▸ **Problem statement**: From first line to last, the records below are to be duplicated exactly.

##### Provided data

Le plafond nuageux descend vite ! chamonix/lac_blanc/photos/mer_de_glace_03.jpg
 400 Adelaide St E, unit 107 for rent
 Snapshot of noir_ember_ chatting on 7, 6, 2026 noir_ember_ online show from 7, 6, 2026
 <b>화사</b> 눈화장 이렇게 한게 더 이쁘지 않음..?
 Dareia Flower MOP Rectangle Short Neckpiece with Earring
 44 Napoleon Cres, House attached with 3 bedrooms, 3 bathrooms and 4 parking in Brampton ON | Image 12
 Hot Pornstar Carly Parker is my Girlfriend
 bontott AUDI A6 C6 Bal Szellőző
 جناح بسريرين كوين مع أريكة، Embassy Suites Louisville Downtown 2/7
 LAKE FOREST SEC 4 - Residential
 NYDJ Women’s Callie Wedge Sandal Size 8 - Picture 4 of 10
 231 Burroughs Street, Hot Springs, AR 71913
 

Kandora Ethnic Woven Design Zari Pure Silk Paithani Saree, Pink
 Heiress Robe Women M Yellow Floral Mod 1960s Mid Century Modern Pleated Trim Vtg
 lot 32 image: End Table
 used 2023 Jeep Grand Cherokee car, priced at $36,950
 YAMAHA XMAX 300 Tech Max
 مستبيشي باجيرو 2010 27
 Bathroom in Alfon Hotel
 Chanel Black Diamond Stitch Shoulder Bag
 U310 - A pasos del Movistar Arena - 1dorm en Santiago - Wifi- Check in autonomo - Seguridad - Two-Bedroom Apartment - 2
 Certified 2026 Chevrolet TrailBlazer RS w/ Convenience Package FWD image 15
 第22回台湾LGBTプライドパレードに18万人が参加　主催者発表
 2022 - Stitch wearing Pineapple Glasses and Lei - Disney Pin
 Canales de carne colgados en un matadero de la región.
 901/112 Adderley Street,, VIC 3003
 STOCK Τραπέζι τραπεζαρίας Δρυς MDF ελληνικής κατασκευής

##########

▸ **Response area**:
Le plafond nuageux descend vite ! chamonix/lac_blanc/photos/mer_de_glace_03.jpg
 400 Adelaide St E, unit 107 for rent
 Snapshot of noir_ember_ chatting on 7, 6, 2026 noir_ember_ online show from 7, 6, 2026
 <b>화사</b> 눈화장 이렇게 한게 더 이쁘지 않음..?
 Dareia Flower MOP Rectangle Short Neckpiece with Earring
 44 Napoleon Cres, House attached with 3 bedrooms, 3 bathrooms and 4 parking in Brampton ON | Image 12
 Hot Pornstar Carly Parker is my Girlfriend
 bontott AUDI A6 C6 Bal Szellőző
 جناح بسريرين كوين مع أريكة، Embassy Suites Louisville Downtown 2/7
 LAKE FOREST SEC 4 - Residential
 NYDJ Women’s Callie Wedge Sandal Size 8 - Picture 4 of 10
 231 Burroughs Street, Hot Springs, AR 71913
 

Kandora Ethnic Woven Design Zari Pure Silk Paithani Saree, Pink
 Heiress Robe Women M Yellow Floral Mod 1960s Mid Century Modern Pleated Trim Vtg
 lot 32 image: End Table
 used 2023 Jeep Grand Cherokee car, priced at $36,950
 YAMAHA XMAX 300 Tech Max
 مستبيشي باجيرو 2010 27
 Bathroom in Alfon Hotel
 Chanel Black Diamond Stitch Shoulder Bag
 U310 - A pasos del Movistar Arena - 1dorm en Santiago - Wifi- Check in autonomo - Seguridad - Two-Bedroom Apartment - 2
 Certified 2026 Chevrolet TrailBlazer RS w/ Convenience Package FWD image 15
 第22回台湾LGBTプライドパレードに18万人が参加　主催者発表
 2022 - Stitch wearing Pineapple Glasses and Lei - Disney Pin
 Canales de carne colgados en un matadero de la región.
 901/112 Adderley Street,, VIC 3003
 STOCK Τραπέζι τραπεζαρίας Δρυς MDF ελληνικής κατασκευής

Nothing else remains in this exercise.